Арсений Рогинский, один из создателей «Мемориала», в интервью, которое он дал незадолго до смерти в декабре 2017 года, на вопрос: «Что же делать?» — ответил: «Надо занимать позицию». Его собственная позиция, закаленная четырьмя годами мордовских лагерей, неизменно основывалась на правах человека. Сегодня эта концепция направлена не столько на настоящее, где государство ее просто игнорирует, сколько на будущее, как ни наивно это прозвучит на фоне законодательного безумия и репрессий, приобретающих все более массовый характер.

Концепция прав человека становится важнейшим маркером в истории. Если в ней есть прогресс, то он прослеживается именно как пунктир, пусть и непостоянный и поначалу неустойчивый, эмансипации личности в потоке исторических цивилизаций. Не случайно и сегодня вопрос о правах человека оказывается в центре борьбы за историю России и, по сути, одним из пунктов casus belli для «денацификации».

Атаки на якобы чуждую российскому особому пути идею прав человека ведутся из Кремля, с трибуны Государственной думы, из зала Конституционного суда, с амвона РПЦ, но аргументация везде одна и та же. Эта концепция рассматривается как исключительно западная, для чего ее генеалогию прослеживают с Великой хартии вольностей (Англия, 1215 год) через Конституцию США (1787) и Декларацию прав человека и гражданина (Франция, 1789), пока в современном мире она не приобретает вид светского гуманизма. Однако, утверждают ее противники, для России, страны сущностно религиозной и традиционно общинной, концепция личных прав, основанная на протестантской модели индивидуализма, в принципе неприемлема — она используется как «оружие» для подрыва основ русского мироустройства, где у человека должны быть совсем иные права — в том числе на защиту государством его традиционных ценностей.

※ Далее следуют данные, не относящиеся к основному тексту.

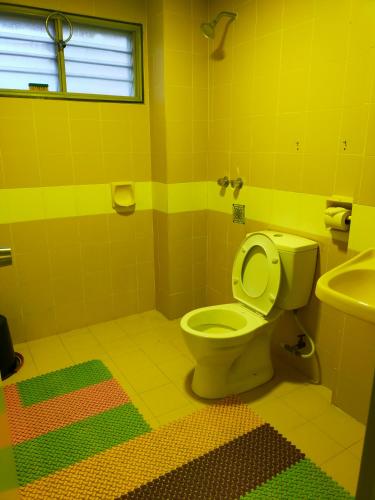 a yellow bathroom with a toilet and a sink at R2L5Y Room 2 in Bentong
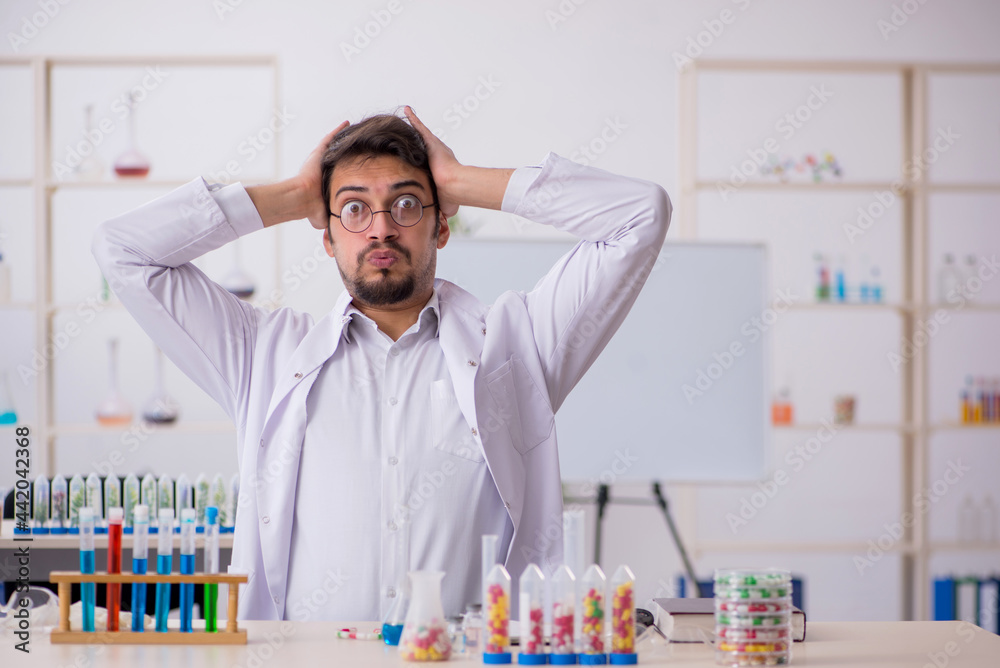 Young male chemist in drugs synthesis concept Young male chemist in drugs synthesis concept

По сути, концепции прав человека не противопоставляется ничего, кроме «традиции», а далее дискуссия ведется вокруг конкретных прав, их набора и объемов. Но, во-первых, в этой формуле центральное место занимает «Человек», а набор прав и вопрос о том, кому и в каких объемах их предоставлять, по ходу истории постоянно пересматриваются — и, как легко заметить, в сторону расширения того и другого.

Во-вторых, всегда ли традиция — благо, и как может развиваться история, если это так? Традиция относиться к Человеку как к скотине — не только российская и очень древняя. И борьба за него, за Человека, за достоинство его личности, началась по крайней мере с восстаний рабов в Древнем Риме, если не с исхода евреев из Египта. Как ни «чужда» эта идея исторической России, но и здесь была дискуссия между Иваном IV и князем Курбским, были Пугачев и Разин, а в 1861 году царь крепостное право все-таки отменил.

Огромный, если не решающий, вклад в борьбу за Человека внесла проповедь Христа, всегда обращенная к конкретной и свободной, то есть стоящей перед выбором личности, часто прямо направленная против традиций — как в эпизоде с грешницей, не говоря уже о трактовке субботы. Человек для Христа — не принадлежность к какой-то «общности», как та самарянка, у которой Он просит воды, как и Он сам. Может быть, это не совсем та самая религия, к которой апеллируют поборники русского мира, но Евангелия по крайней мере повествуют нам о личностях, а не об «общинах».

Идея прав человека пробивается сквозь толщу человеческой истории долго, с трудом, с отступлениями и зигзагами. Но пробивается, и в этом смысле прогресс существует: его подтверждает хотя бы динамика видов казней. Но только в 1948 году, в результате самой кровавой (на момент написания этих строк) войны, Европейская декларация закрепляет формулу, к которой присоединяется большинство стран Европы, включая Россию вплоть до ее выхода из СЕ в 2022 году: права человека выше суверенитета государств.

Отдельная личность ценнее «общности», то есть «коллективного субъекта», который всегда лишь фикция. Такова логика исторического прогресса. Потому что обратная логика о приоритете «общности» ведет к тоталитаризму, о чем было сказано выше. «Народ» — это Голем, чудовище и жертва в одном флаконе. Остановить его под силу только Человеку.